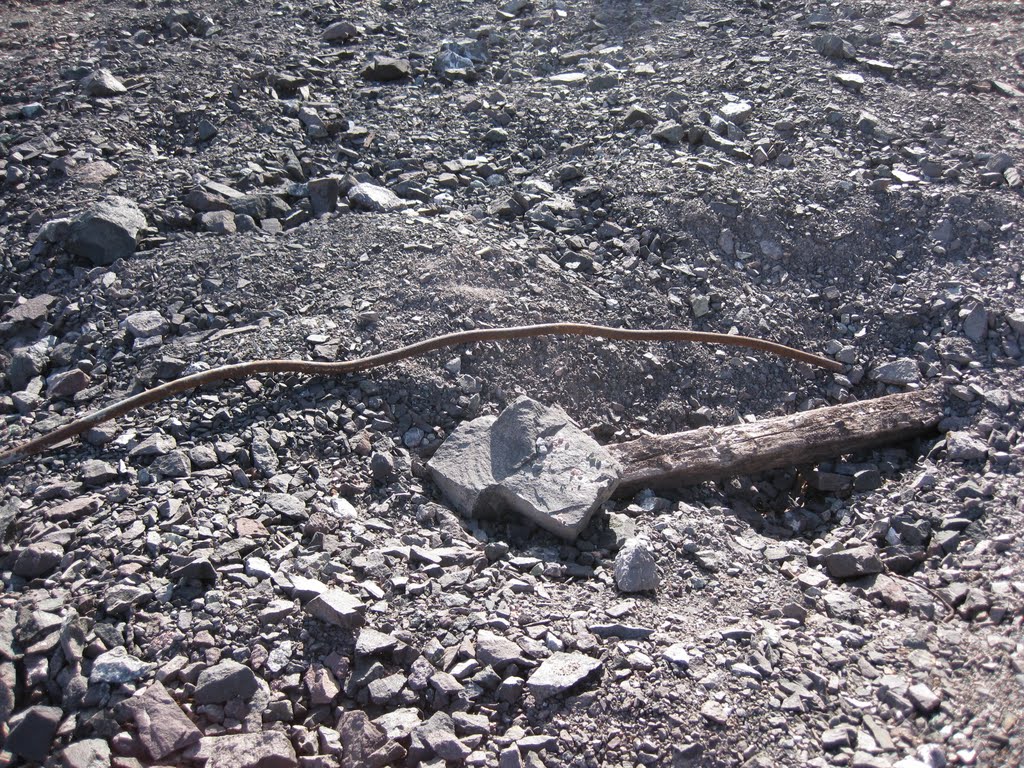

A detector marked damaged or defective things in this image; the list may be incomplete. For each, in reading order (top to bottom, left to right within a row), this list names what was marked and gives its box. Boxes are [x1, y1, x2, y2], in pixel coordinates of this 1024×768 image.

rusty brown stick [2, 321, 839, 466]
rusty brown stick [606, 387, 942, 495]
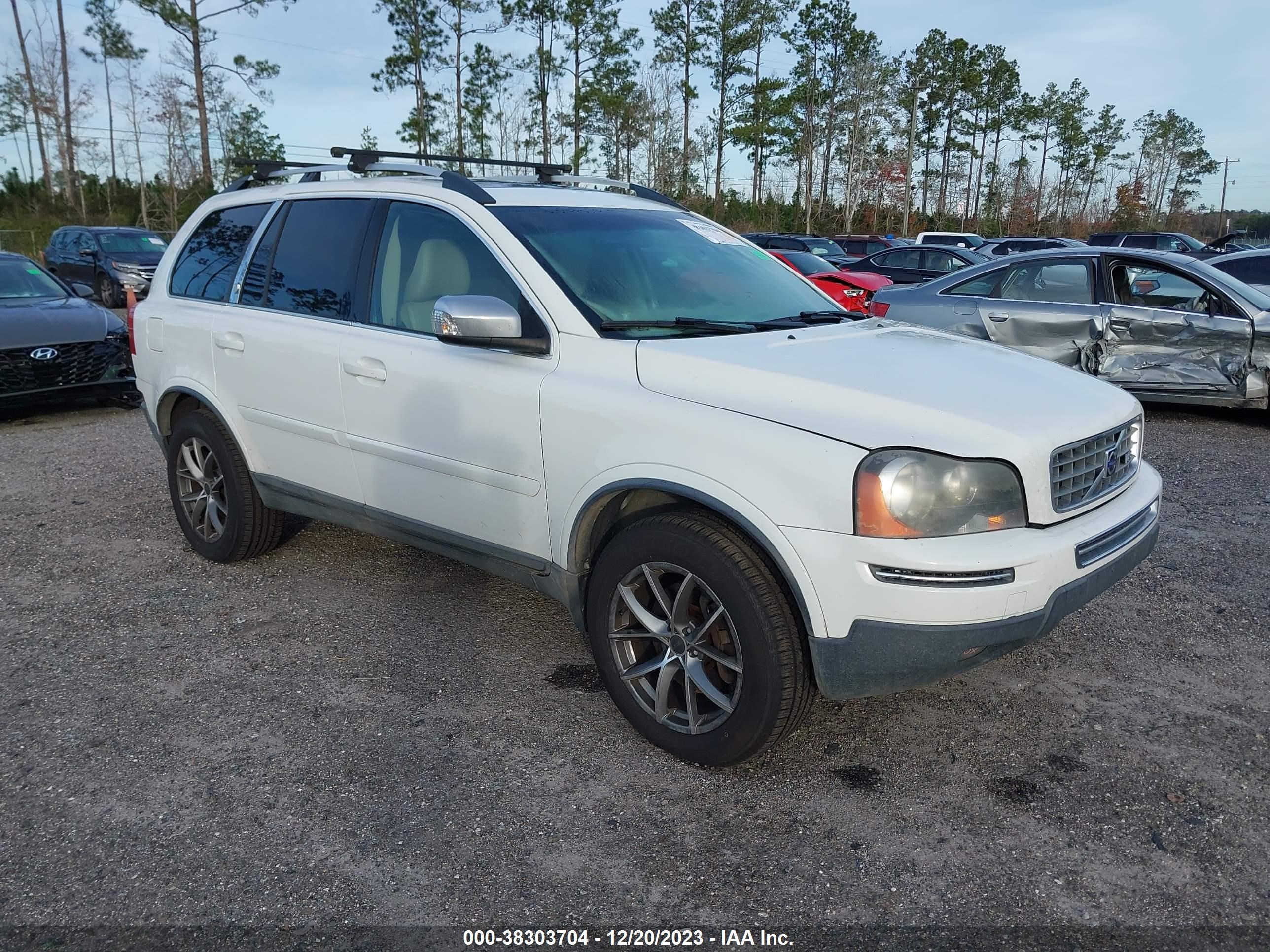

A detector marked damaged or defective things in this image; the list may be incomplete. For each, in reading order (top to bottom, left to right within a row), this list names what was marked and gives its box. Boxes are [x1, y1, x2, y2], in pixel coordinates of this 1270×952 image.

damaged vehicle [868, 247, 1270, 408]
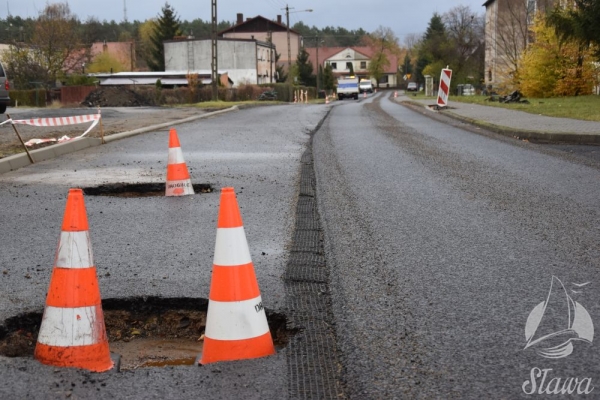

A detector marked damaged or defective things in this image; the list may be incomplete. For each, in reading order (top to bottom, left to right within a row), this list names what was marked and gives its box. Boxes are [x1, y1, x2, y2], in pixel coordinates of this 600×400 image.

road pothole [0, 296, 296, 370]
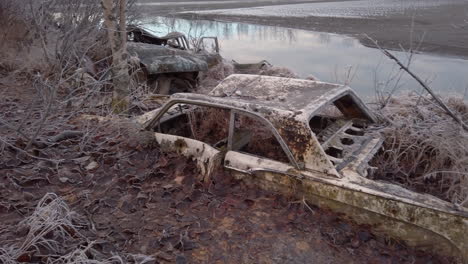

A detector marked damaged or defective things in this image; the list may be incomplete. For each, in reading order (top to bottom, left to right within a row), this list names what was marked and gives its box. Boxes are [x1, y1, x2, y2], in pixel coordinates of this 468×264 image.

rusted abandoned car [126, 25, 221, 95]
rusted car body panel [137, 74, 466, 262]
rusted abandoned car [137, 74, 468, 262]
second abandoned car wreck [137, 74, 468, 262]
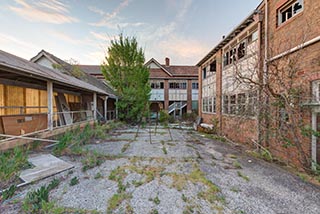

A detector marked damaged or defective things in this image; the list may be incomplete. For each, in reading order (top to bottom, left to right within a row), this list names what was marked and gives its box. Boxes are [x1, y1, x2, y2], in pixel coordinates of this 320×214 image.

####

Task description.
Reproduce the lines from the one with "this 600×400 image." through the end of the data, keeping both end lines, adding nothing, and dropping any pictures.

Solution to the exercise.
A detector marked damaged or defective things in this image; the list may be incomplete. For each, in reading order (top to bottom, left to right within a row), this list names what was marked and gives its box. Boxes are [x1, y1, x2, y2], in pixel coordinates of this 600×400 image.

road pothole [0, 296, 296, 370]

A detector marked damaged or defective things in this image; the list may be incomplete. For each, in reading order (top to bottom, left to right within a row), this list names what was marked and gives its box. Boxes are [x1, y1, x2, y2], in pixel coordinates of this 468×264 image.

rusted abandoned car [126, 25, 221, 95]
rusted car body panel [137, 74, 466, 262]
rusted abandoned car [137, 74, 468, 262]
second abandoned car wreck [137, 74, 468, 262]

A detector marked damaged or defective things in this image; the list may be incomplete. For each, in reading order (top to bottom, left to right within a row), this list names what was marked and gives its box. Boxes are [x1, y1, x2, y2], in pixel coordinates of this 320×214 image.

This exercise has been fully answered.